Aber auch dem Paulus wird viel zugemutet, sodass er sogar stürzt:„Er stürzte (nahe Damaskus) zu Boden und hörte wie eine Stimme zu ihm sagte: Saul, Saul, warum verfolgst du mich?…..Steh‘ auf und geh in die Stadt, dort wird dir gesagt werden, was du tun sollst.“ (Apg.9,4.6).

Im Mk.- Evangelium befiehlt Jesus dem Gelähmten, den man wegen der vielen Menschen durchs Dach transportiert hatte: „Ich sage dir: Steh‘ auf, nimm deine Tragbahre, und geh‘ umher!“ (Mk.2,11)

TRAU DIR ZU!

Gal. 5,16 würde frei übersetzt lauten: Wandelt im Geist der Liebe!
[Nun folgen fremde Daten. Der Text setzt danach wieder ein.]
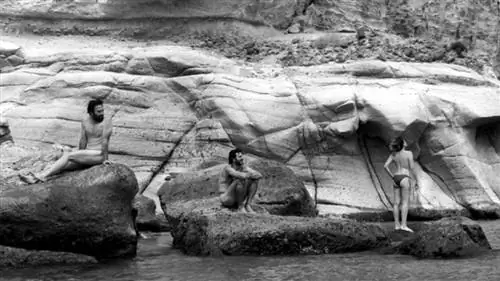 Альмерия голая (лучшие нудистские пляжи и бухты)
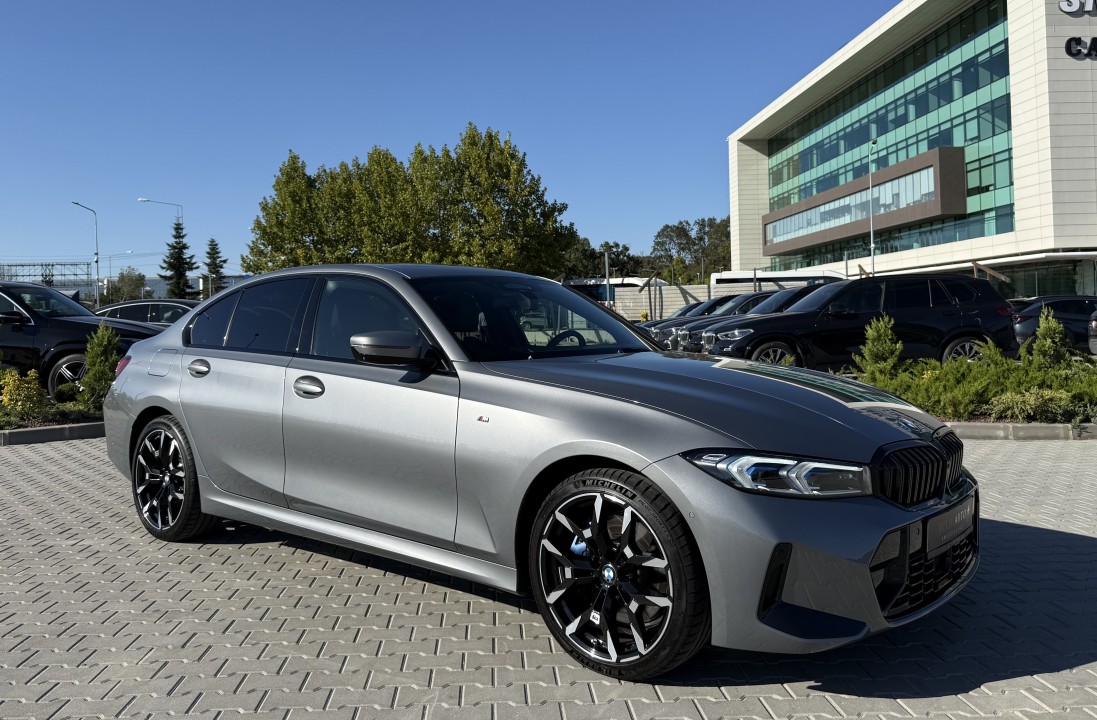 BMW Seria 3 330e xDrive M-Sport (1)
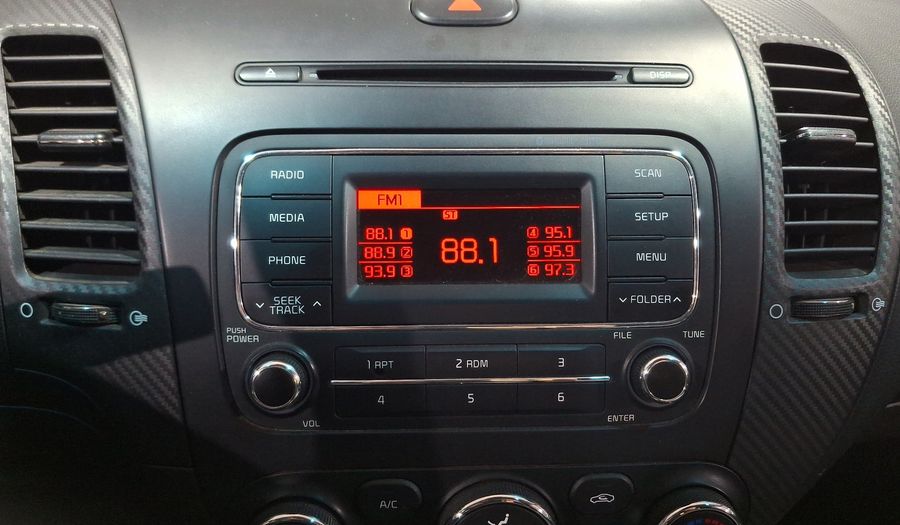 Kia Forte 2.0 LX MT Sedan 2016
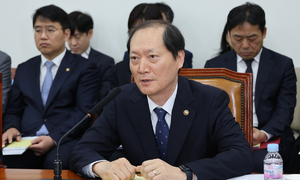 李대통령, '尹측근' 이완규 면직안 한 달 만에 재가
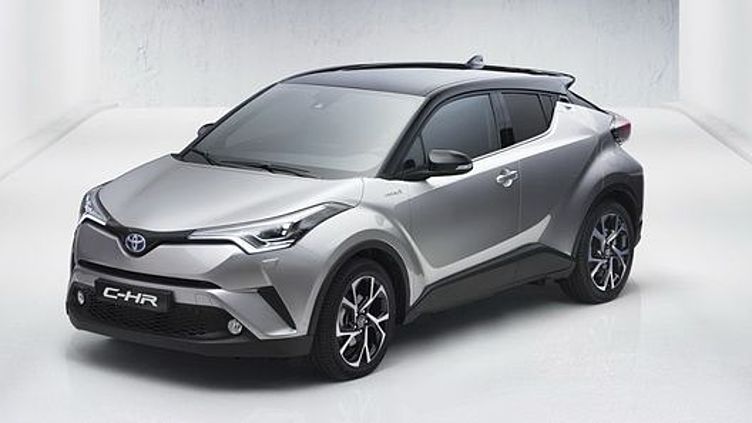 Toyota лишила новый кроссовер радиаторной решетки Toyota лишила новый кроссовер радиаторной решетки
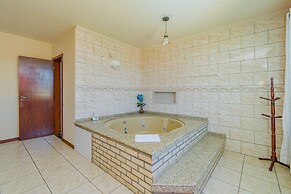 Casa com Piscina e Churrasqueira No Campeche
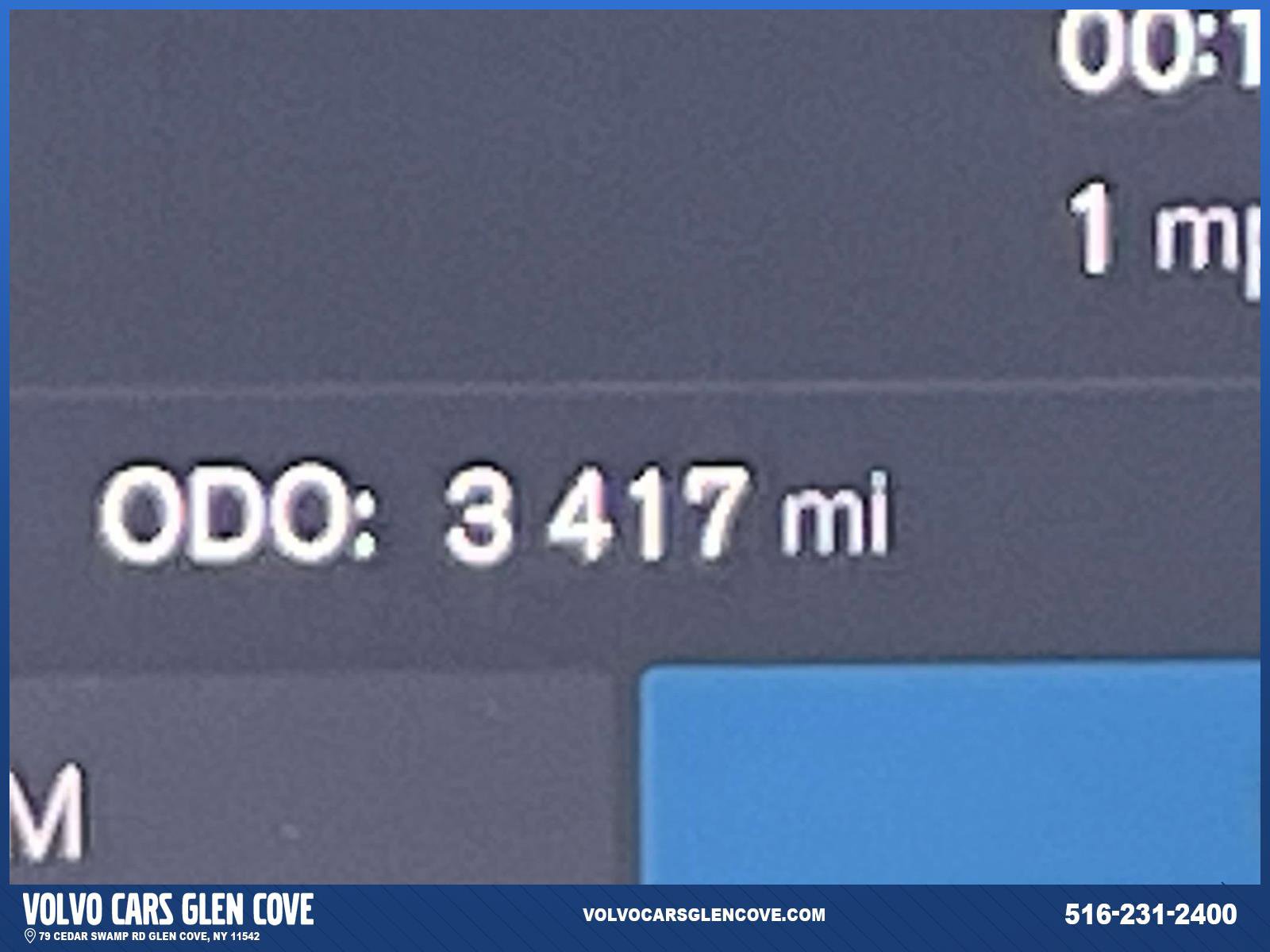Certified 2025 Volvo XC40 B5 Ultra w/ Protection Package Premier image 27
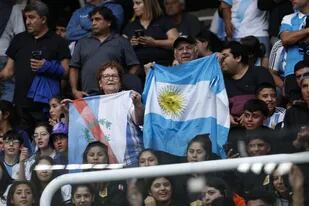 La selección argentina jugó sus dos partidos en Santiago del Estero a estadio lleno; ya se aseguró octavos de final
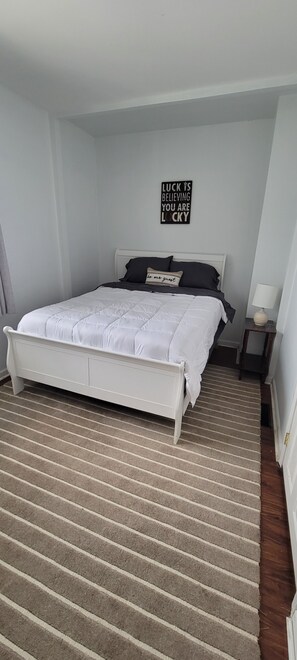 3 bedrooms, iron/ironing board, WiFi, bed sheets - Downtown House with Hidden Room (Buffalo)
Somit sind all diese Weggeschichten auch Berufungsgeschichten. Diese sind auch an uns gerichtet. Sie sind auch „Auferstehungsgeschichten“, verbunden mit einer Zumutung. Das Wort „Mut“ ist darin enthalten: Trau‘ dich! Trau dir zu, den Anfang zu wagen, auch wenn es Startschwierigkeiten gibt! Erhebe dich und halte durch, auch wenn es mühsam wird! Mut zum Bekenntnis und kein Leugnen! „Ich sage dir, Petrus, ehe heute der Hahn kräht, wirst du dreimal leugnen, mich zu kennen.“(Lk. 22,34). Somit keine Spur von Durchhalten, vielmehr liegen bleiben, sich verstecken, kein Bekenntnis, umfallen.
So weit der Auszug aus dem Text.